Leyen AB’nin sınır yönetimi, arama kurtarma operasyonları, kaçakçılıkla mücadele operasyonları ve mültecilerin geri dönüşünde Tunus’a yardım etmek için bu yıl 100 milyon avro destek sağlamaya hazır olduğunu ve insan haklarına sıkı sıkıya saygı duyduğunu söyledi. Ancak Tunus’taki insan hakları örgütleri ve muhalefet partileri bu anlaşmayı eleştirerek amacının finansal kriz yaşayan Tunus’a baskı yapmak ve onu Avrupa topraklarının sınır muhafızı yapmak olduğuna belirtti. Said ise ülkesinin Avrupa için bir sınır muhafızı rolü oynamayacağını söyledi ve ülkesinin bir geçiş koridoru veya yerleşim yeri olmayacağını vurguladı.

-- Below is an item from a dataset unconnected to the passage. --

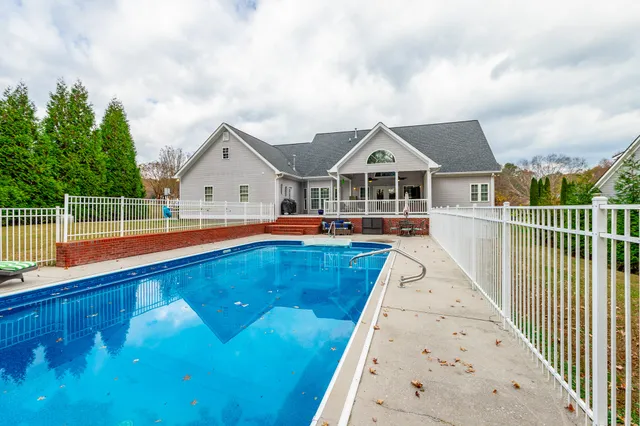 $600,000 | 232 East Tennant Circle, Chickamauga, GA 30707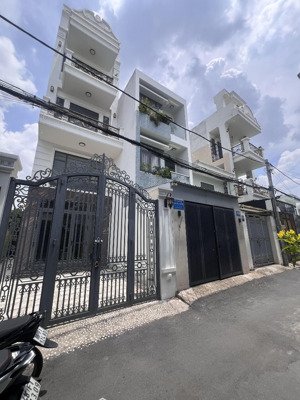 nhà 3 tầng dt 80m,đối diện gigamall phạm văn đồng đường oto chỉ 7t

Bu bağlamda İtalya’daki resmi bir kaynak, ülke yetkililerinin ülkeye yasadışı yollardan gelen 2 bin 300’den fazla Tunuslu göçmeni sınır dışı ettiğini aktardı. Bu sayı Tunusluları 2022’de İtalya topraklarından sınır dışı edilen göçmenlerin ön saflarına taşıdı.

Şarku’l Avsat’ın İtalyan haber ajansı NOVA’dan aktardığına göre  gözaltına alınan kişilerin haklarından sorumlu İtalyan Ombudsmanı Maro Palma’dan alıntı yaparak, yetkililerin geçen yıl sınır dışı merkezlerinde bulunan 6 bin 383 yabancıdan 3 bin 154 kişiyi sınır dışı ettiğini aktardı. Palma, sınır dışı edilenlerin çoğunu Tunuslu olduğuna dikkat çekti. 58’i Arnavutluk’a, 359’u Mısır’a, 189’u Fas’a sınır dışı edilenlere kıyasla Tunusluların sayısı 2 bin 308’e ulaştı. İtalya, sınır dışı edilmeleri hızlandırmak ve göçmenlerin kıyılarından yola çıkmalarını önlemek için daha fazla çaba sarf etmek amacıyla Tunus ile bir anlaşmaya varmaya çalışıyor.

Ancak Tunus’taki insan hakları örgütleri Tunusluların zorla sınır dışı edilmesini eleştiriyor. İtalya İçişleri Bakanlığı, bu yıl çoğu Tunus’tan yola çıkan 53 binden fazla göçmenin deniz yoluyla topraklarına geldiğini tahmin ediyor.